Keratinocyte growth factor induces gene expression signature associated with suppression of malignant phenotype of cutaneous squamous carcinoma cells

• Published in: PloS one Vol. 7; no. 3; p. e33041
• Main Authors: Toriseva, Mervi, Ala-aho, Risto, Peltonen, Sirkku, Peltonen, Juha, Grénman, Reidar, Kähäri, Veli-Matti
• Format: Journal Article
• Language: English
• Published: United States Public Library of Science 12.03.2012; Public Library of Science (PLoS)

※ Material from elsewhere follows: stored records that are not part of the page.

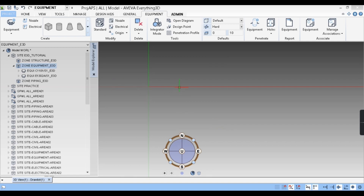Hello guys, welcome back to my YouTube channel Plan 3D Tutorial. This is the fourth part of our E3D tutorial series. Today we'll be learning about how to model standard pumps in E3D software. If you haven't watched parts 1, 2, and 3, I recommend you watch the previous parts so that it is easy for you to understand the software. Let us begin this video.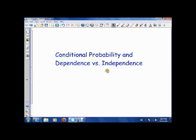Hey guys, how's it going? Today we want to talk about something called conditional probability and the concept of dependence versus independence.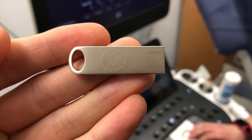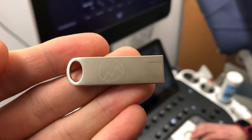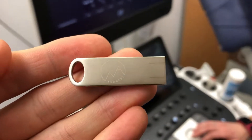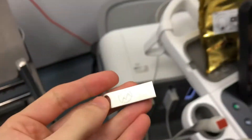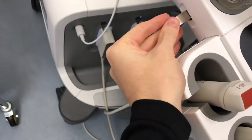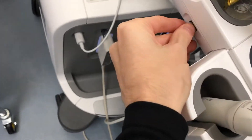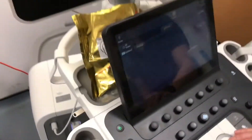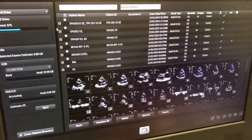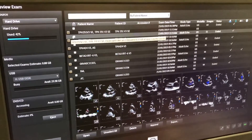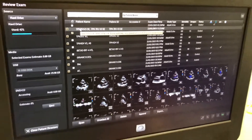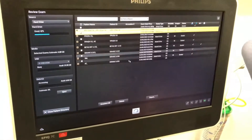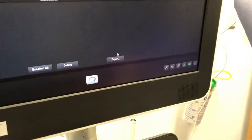The first thing to do is to insert a USB stick or hard drive — it has to be completely empty — into your machine. Then select the study that you want to export and scroll down to the export section.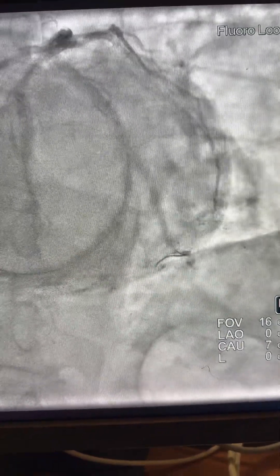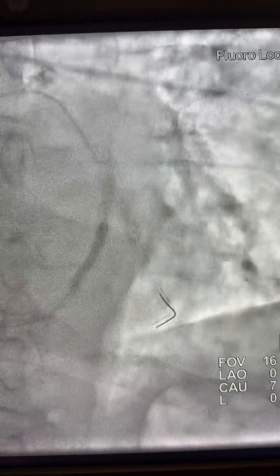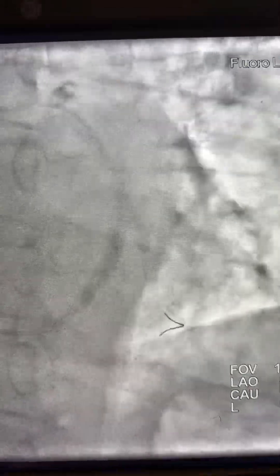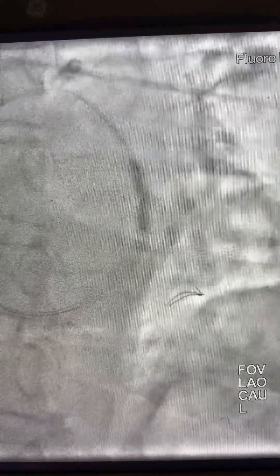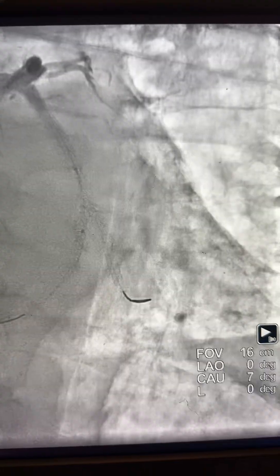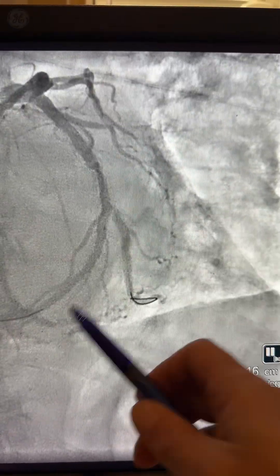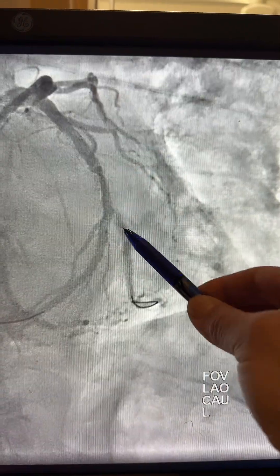Here is the first stent — it was deployed. Then we advanced the balloon to the circumflex, overlapping with the prior stent, and inflated at higher pressure. Then we inflated the ostium at high pressure. Here is the result toward the distal circumflex toward the PDA — the PL is happy. Now we have this compromise, which is the ostium of the OM, which is a large vessel.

• Subjects: Adenoviruses; Biology; Biotechnology; Blotting, Western; Cancer genetics; Cancer therapies; Carcinogenesis; Carcinogens; Carcinoma, Squamous Cell - metabolism; Cell adhesion & migration; Cell Line, Tumor; Cell proliferation; Chemokine CXCL10 - metabolism; Chemotherapy; Collagen; Collagenase 3; CXCL10 protein; Dermatology; Development and progression; Dual Specificity Phosphatase 6 - metabolism; Dual-Specificity Phosphatases - metabolism; Enzyme-Linked Immunosorbent Assay; Epidermal growth factor; Epithelial cells; Extracellular Matrix Proteins - metabolism; Extracellular signal-regulated kinase; Fibroblast growth factor; Fibroblast Growth Factor 7 - metabolism; Fibroblast Growth Factor 7 - pharmacology; Fibroblast growth factors; Fibroblasts; Gene expression; Gene Expression Regulation, Neoplastic - drug effects; Genes; Genetic aspects; Glycoproteins - metabolism; Humans; Injuries; Insulin-Like Growth Factor Binding Protein 3 - metabolism; Insulin-like growth factor-binding protein 3; Keratinocyte growth factor; Keratinocytes; Kinases; Laboratories; Matrilin Proteins; Medicine; Messenger RNA; Mitogen-Activated Protein Kinase Phosphatases - metabolism; Mitogens; Neck; Neoplasm Invasiveness - prevention & control; Oligonucleotide Array Sequence Analysis; Otolaryngology; Phenotype; Real-Time Polymerase Chain Reaction; Skin; Skin Neoplasms - metabolism; Squamous cell carcinoma; Tumors; Wound healing; Finland
• ISSN: 1932-6203; 1932-6203
• DOI: 10.1371/journal.pone.0033041

Keratinocyte growth factor (KGF, fibroblast growth factor-7) is a fibroblast-derived mitogen, which stimulates proliferation of epithelial cells. The expression of KGF by dermal fibroblasts is induced following injury and it promotes wound repair. However, the role of KGF in cutaneous carcinogenesis and cancer progression is not known. We have examined the role of KGF in progression of squamous cell carcinoma (SCC) of the skin. The expression of KGF receptor (KGFR) mRNA was lower in cutaneous SCCs (n = 6) than in normal skin samples (n = 6). Expression of KGFR mRNA was detected in 6 out of 8 cutaneous SCC cell lines and the levels were downregulated by 24-h treatment with KGF. KGF did not stimulate SCC cell proliferation, but it reduced invasion of SCC cells through collagen. Gene expression profiling of three cutaneous SCC cell lines treated with KGF for 24 h revealed a specific gene expression signature characterized by upregulation of a set of genes specifically downregulated in SCC cells compared to normal epidermal keratinocytes, including genes with tumor suppressing properties (SPRY4, DUSP4, DUSP6, LRIG1, PHLDA1). KGF also induced downregulation of a set of genes specifically upregulated in SCC cells compared to normal keratinocytes, including genes associated with tumor progression (MMP13, MATN2, CXCL10, and IGFBP3). Downregulation of MMP-13 and KGFR expression in SCC cells and HaCaT cells was mediated via ERK1/2. Activation of ERK1/2 in HaCaT cells and tumorigenic Ha-ras-transformed HaCaT cells resulted in downregulation of MMP-13 and KGFR expression. These results provide evidence, that KGF does not promote progression of cutaneous SCC, but rather suppresses the malignant phenotype of cutaneous SCC cells by regulating the expression of several genes differentially expressed in SCC cells, as compared to normal keratinocytes.